Когда шагалось нам легко — страница 48 из 69

[142] Какое-то насекомое жужжало на совершенно особый лад.

– Прислушайтесь, – сказал однажды мистер Бейн, – очень интересно. Это «шестичасовой» жук – у нас потому его так прозвали, что он всегда жужжит ровно в шесть часов.

– Но сейчас четверть пятого.

– Вот именно, это и есть самое интересное.

Я еще не раз слышал в этих краях «шестичасового» жука, причем в любое время дня и ночи.

Тем не менее опытные «бушмены» утверждают, что по звукам «буша» способны точно определять время, как мореплаватели – по солнцу.

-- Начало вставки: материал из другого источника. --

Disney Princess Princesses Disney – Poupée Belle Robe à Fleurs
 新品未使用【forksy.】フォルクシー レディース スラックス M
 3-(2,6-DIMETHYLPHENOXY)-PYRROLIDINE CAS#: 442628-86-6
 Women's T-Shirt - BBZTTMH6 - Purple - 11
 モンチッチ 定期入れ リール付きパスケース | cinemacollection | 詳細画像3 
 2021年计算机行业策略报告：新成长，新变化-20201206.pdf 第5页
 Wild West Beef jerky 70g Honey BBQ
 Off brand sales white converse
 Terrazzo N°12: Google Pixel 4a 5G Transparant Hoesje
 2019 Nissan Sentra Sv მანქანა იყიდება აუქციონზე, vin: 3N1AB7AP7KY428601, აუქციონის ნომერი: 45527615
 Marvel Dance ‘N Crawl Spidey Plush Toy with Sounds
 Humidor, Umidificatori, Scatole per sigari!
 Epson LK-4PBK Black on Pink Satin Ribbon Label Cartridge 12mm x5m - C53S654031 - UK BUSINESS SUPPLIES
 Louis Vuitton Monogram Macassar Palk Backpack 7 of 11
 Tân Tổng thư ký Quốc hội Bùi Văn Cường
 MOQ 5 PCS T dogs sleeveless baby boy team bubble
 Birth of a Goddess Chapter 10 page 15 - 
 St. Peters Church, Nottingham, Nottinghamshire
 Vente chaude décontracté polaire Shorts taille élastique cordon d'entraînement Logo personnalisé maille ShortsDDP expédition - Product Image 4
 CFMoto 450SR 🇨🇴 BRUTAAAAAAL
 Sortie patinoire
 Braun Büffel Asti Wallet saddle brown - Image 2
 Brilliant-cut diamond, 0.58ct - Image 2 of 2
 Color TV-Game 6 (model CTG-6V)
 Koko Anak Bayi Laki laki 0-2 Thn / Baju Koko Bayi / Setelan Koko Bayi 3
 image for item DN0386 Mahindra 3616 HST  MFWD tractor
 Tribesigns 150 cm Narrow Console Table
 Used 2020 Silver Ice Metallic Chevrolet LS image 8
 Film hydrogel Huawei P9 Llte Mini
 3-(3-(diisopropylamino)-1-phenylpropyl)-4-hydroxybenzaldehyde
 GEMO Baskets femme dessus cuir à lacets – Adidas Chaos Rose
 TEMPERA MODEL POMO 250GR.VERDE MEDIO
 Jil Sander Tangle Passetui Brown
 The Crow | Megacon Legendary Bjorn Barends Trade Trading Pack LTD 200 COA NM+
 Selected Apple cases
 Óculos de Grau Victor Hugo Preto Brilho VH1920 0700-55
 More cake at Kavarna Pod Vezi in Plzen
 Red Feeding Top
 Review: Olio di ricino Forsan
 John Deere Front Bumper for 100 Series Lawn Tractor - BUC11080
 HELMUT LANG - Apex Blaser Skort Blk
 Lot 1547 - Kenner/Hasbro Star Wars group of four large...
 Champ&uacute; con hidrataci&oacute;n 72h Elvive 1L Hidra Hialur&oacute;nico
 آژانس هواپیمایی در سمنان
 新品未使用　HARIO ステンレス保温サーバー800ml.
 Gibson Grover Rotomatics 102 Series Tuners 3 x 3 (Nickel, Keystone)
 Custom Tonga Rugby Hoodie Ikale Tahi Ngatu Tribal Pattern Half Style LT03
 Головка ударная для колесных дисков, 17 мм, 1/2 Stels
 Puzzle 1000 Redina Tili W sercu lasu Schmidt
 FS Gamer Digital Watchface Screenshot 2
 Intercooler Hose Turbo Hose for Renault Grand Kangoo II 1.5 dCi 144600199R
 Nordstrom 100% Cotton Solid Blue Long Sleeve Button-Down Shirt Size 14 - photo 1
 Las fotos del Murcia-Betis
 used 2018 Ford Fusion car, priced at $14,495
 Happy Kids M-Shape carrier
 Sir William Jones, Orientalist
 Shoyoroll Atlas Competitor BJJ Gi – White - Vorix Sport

До Курупукари, большой отметки на карте, мы дошли на седьмой день; в течение всей недели этот пункт неизменно фигурировал в наших разговорах. Там действительно был флагшток, но он мертво лежал на траве, еще не полностью собранный. При мне его смонтировали и воздвигли; теперь мистер Бейн надеется получить для него флаг. Но ни спуска к воде, ни жилья поблизости не было, только на расчищенной вершине маленького пригорка виднелось одинокое деревянное строение.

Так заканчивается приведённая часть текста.